WHAT YOU HAVE TO DO:
Transcribe word for word the section of the records below that opens with the line containing "x_elena_x's Live XXX Chat" and closes with the line containing "Thumbnail: 2016 Dodge Dart - 3"; drop every picture.

DATA FOR THE TASK:
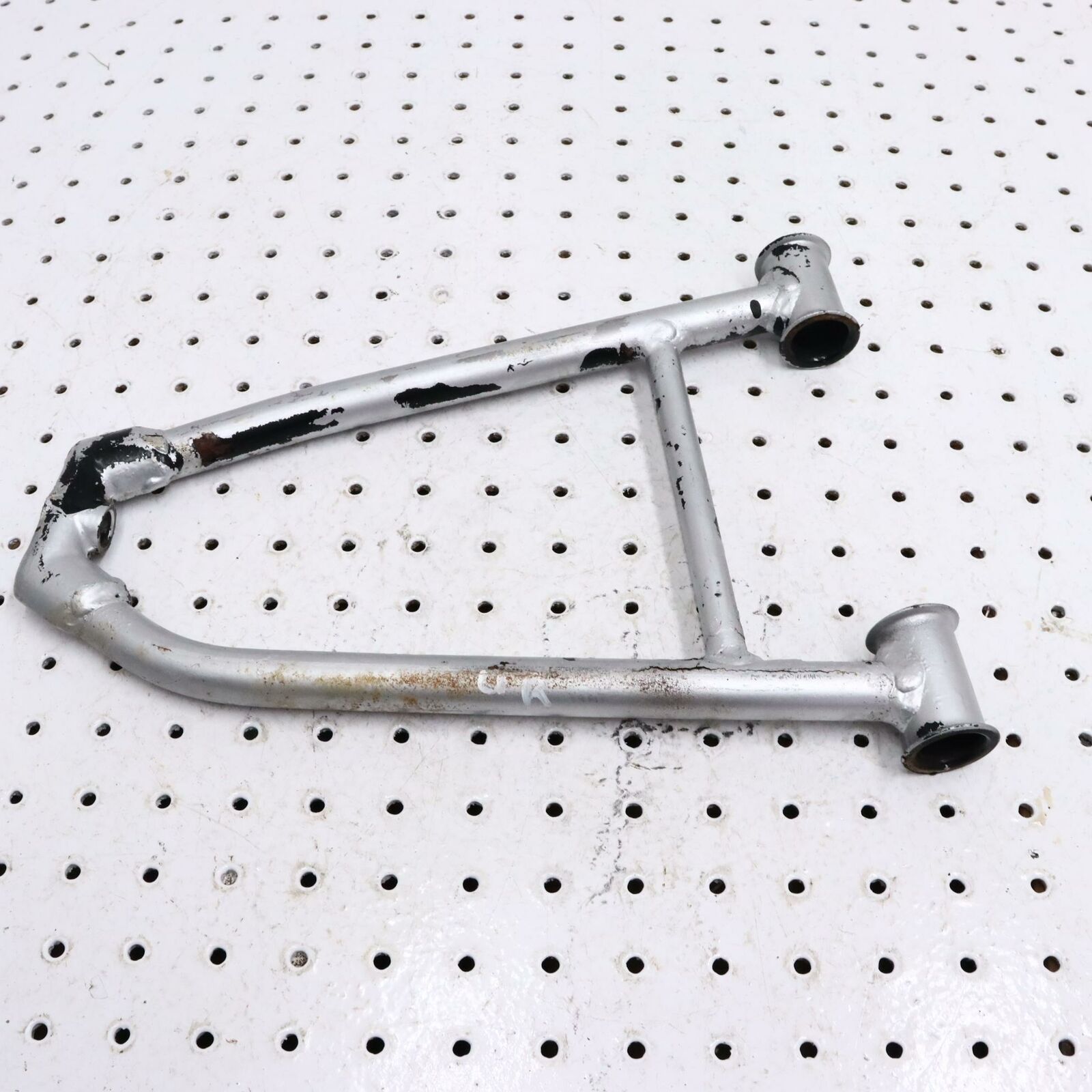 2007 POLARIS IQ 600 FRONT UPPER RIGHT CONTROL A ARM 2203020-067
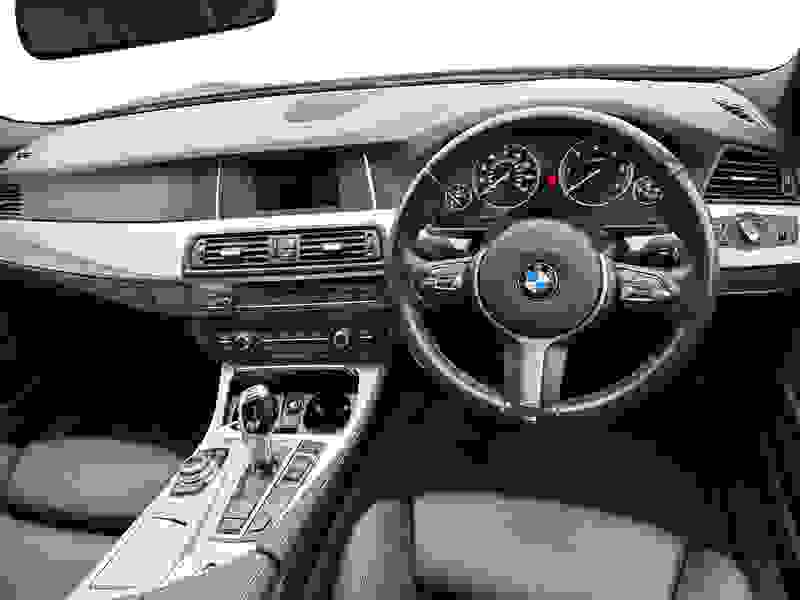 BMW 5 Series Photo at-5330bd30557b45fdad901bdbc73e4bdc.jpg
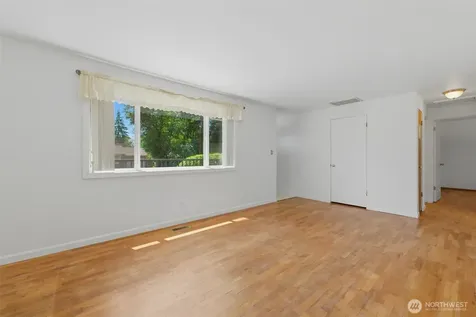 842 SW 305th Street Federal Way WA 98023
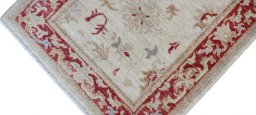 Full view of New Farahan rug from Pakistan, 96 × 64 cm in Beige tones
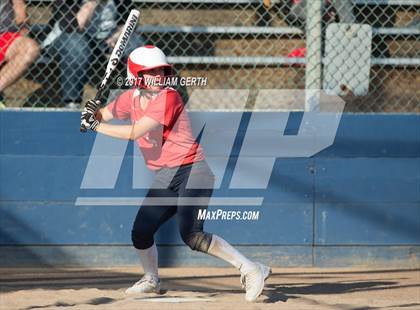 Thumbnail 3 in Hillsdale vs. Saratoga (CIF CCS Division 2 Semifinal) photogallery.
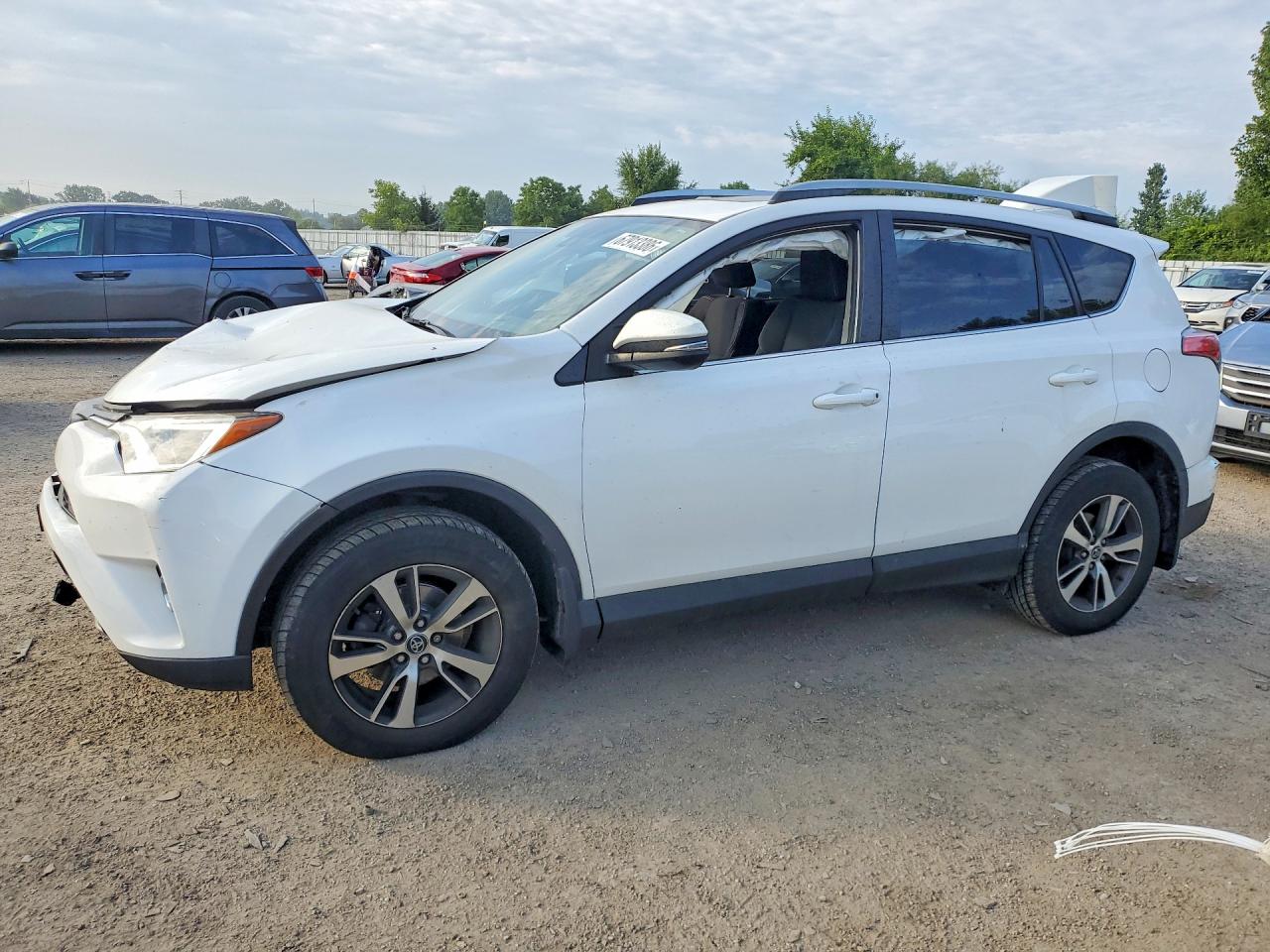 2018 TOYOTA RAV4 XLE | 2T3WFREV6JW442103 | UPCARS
==
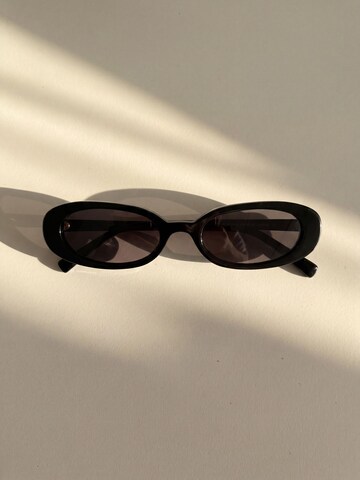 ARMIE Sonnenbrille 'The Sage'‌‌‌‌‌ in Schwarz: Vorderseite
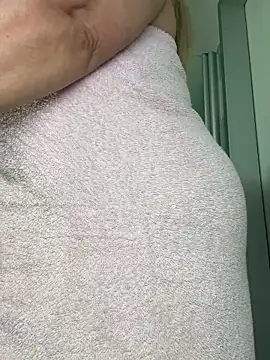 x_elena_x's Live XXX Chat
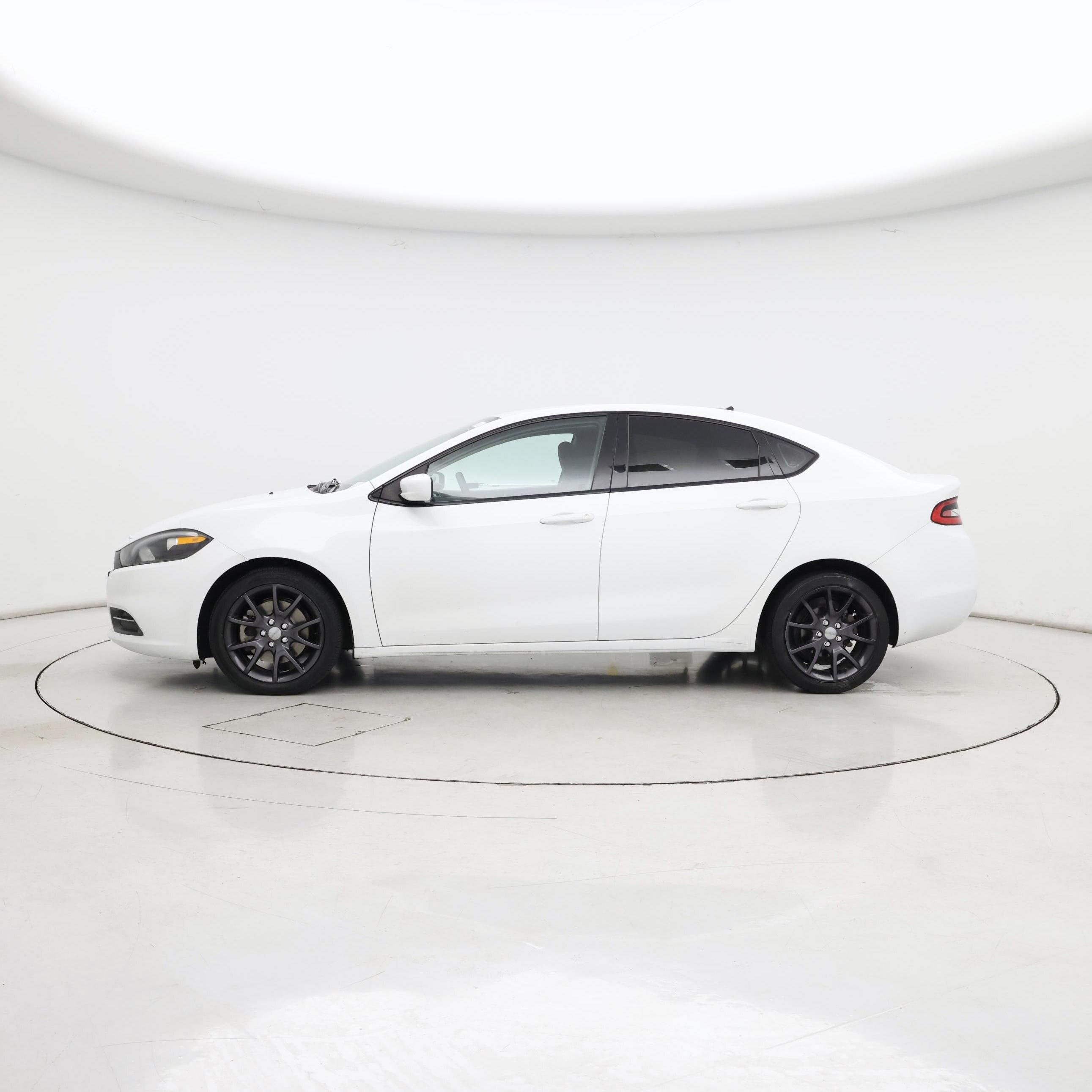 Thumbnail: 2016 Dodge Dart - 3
---
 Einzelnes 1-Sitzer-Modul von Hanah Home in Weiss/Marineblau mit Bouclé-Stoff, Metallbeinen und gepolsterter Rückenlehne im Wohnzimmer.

YOUR SOLUTION:
 x_elena_x's Live XXX Chat
 Thumbnail: 2016 Dodge Dart - 3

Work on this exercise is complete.